The audit is already well over a decade old and figures to grow older since Microsoft is allowed to appeal the IRS’ (Internal Revenue Service) conclusions and says it plans to. The audit is primarily focused on a deal the agency would later describe as “illusory in nature, serving no material economic purpose except to shift income.” In 2005, ProPublica wrote, that Microsoft “sold its most valuable possession, its intellectual property, to an 85-person factory it owned in a small Puerto Rican city.” Having struck a favorable tax deal with Puerto Rico, Microsoft then pushed its profits to the facility, which burned Windows and Office software onto CDs.
At the time, some Microsoft executives celebrated this “pure tax play,” and they had reason for optimism. Initially, the IRS did not take an aggressive tack. An early audit resulted in a much more modest change in 2011.
But earlier that same year, the IRS had set up a new unit to audit intra-company deals that sent U.S. profits to tax havens deals that were especially common among tech companies like Google, Facebook, and Apple. The leader of the new group decided that Microsoft’s deal in Puerto Rico was worth a much closer look. The IRS withdrew its initial finding and dug in to build a deep, comprehensive case.
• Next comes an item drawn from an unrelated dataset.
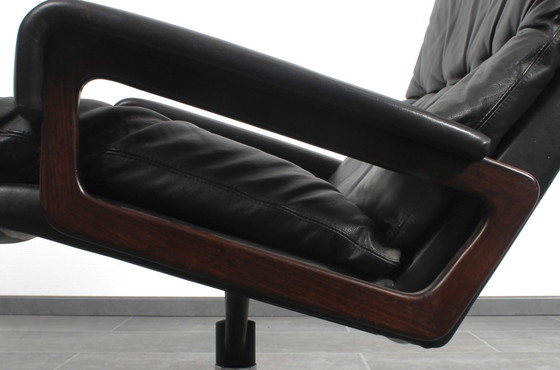 Image 1 of King Chair in black leather by André Vandenbeuck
By the time ProPublica published its story on the audit in 2020, the two sides had sued each other, and one case had long been stuck in court. Almost three years after the last motions in the case, a federal judge still had not ruled on whether the IRS should receive the documents it was seeking. Shortly after ProPublica asked the court for an update, the ruling finally came down.
“We believe we have always followed the IRS’ rules and paid the taxes we owe in the U.S. and around the world,” Senior Microsoft Executive Daniel Goff said, in a blog post on the company’s site that revealed the IRS’ determination.
The $29 billion that the IRS was seeking, he wrote, covered 2004 to 2013. He asserted, however, that the total, were the IRS to ultimately prevail, would be reduced by about $10 billion in taxes that Microsoft has already paid on its overseas profits. A major feature of President Donald Trump’s 2017 tax bill was a requirement that companies repatriate those profits, though they paid a special, low tax rate when they did. Microsoft had stored up $142 billion in offshore profits by 2017.
The Microsoft IRS audit highlights the significance of transparency and accountability in corporate taxation. Its outcome will impact Microsoft and the tech industry, emphasizing the need for regulatory scrutiny. As the case develops, it will be closely watched to ensure a fair assessment of taxes owed by such a major multinational corporation.